* **ABOUT THIS TASK**
The answer must reproduce the listing exactly, with every picture left out.

(AVAILABLE DATA begins)

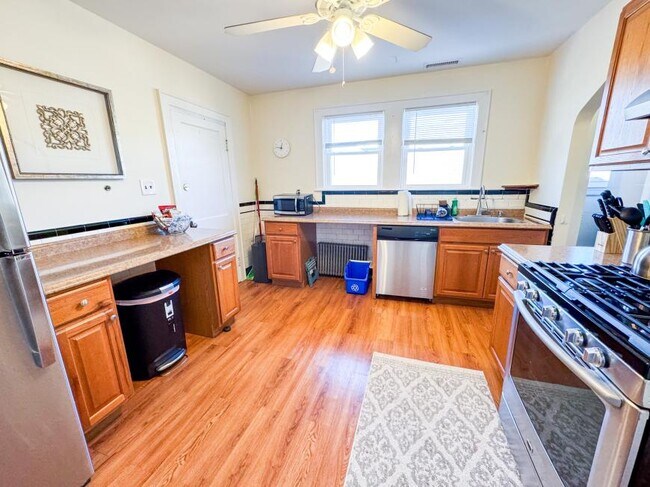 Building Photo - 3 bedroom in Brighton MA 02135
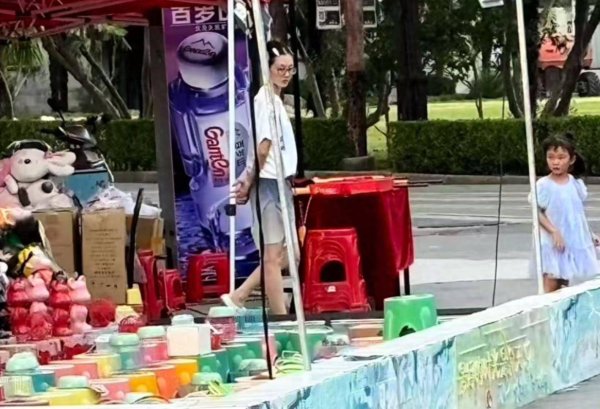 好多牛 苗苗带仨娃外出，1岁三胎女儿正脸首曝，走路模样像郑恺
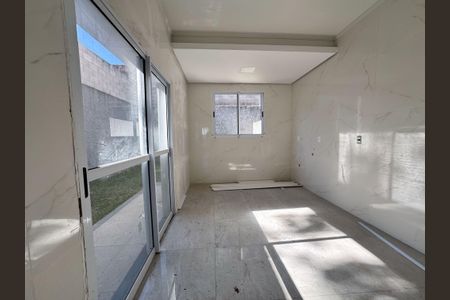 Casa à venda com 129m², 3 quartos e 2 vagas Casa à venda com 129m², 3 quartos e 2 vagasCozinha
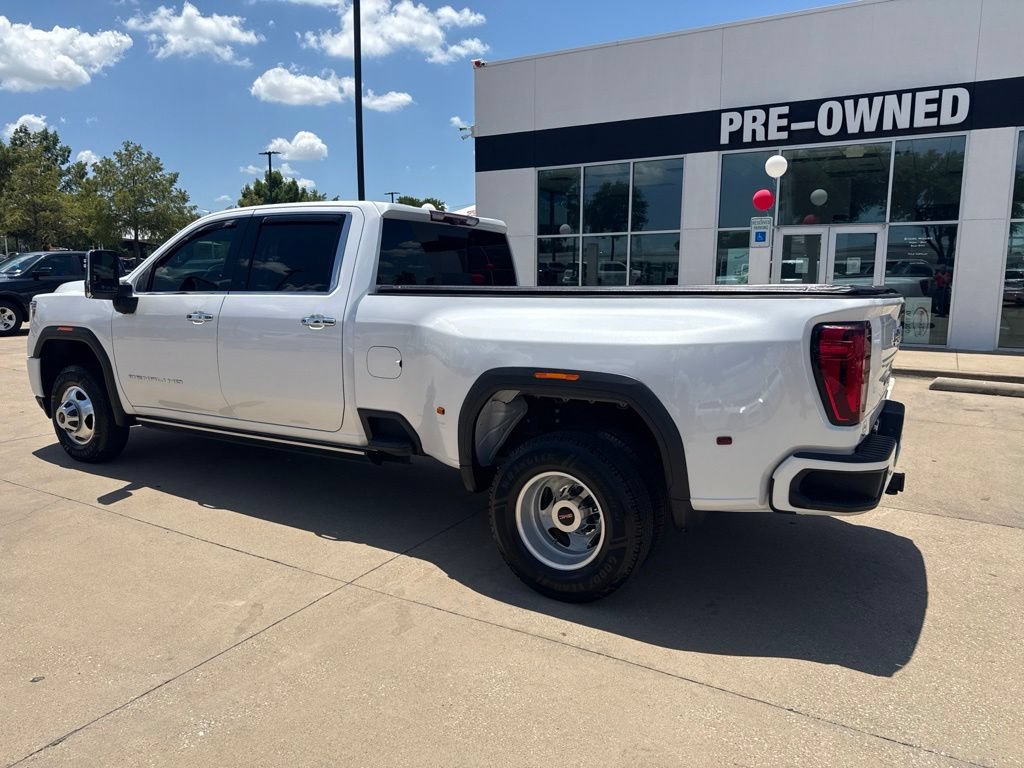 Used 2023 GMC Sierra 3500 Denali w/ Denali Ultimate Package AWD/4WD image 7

(AVAILABLE DATA ends)

* **ANSWER TO THIS TASK**
 Building Photo - 3 bedroom in Brighton MA 02135
 好多牛 苗苗带仨娃外出，1岁三胎女儿正脸首曝，走路模样像郑恺
 Casa à venda com 129m², 3 quartos e 2 vagas Casa à venda com 129m², 3 quartos e 2 vagasCozinha
 Used 2023 GMC Sierra 3500 Denali w/ Denali Ultimate Package AWD/4WD image 7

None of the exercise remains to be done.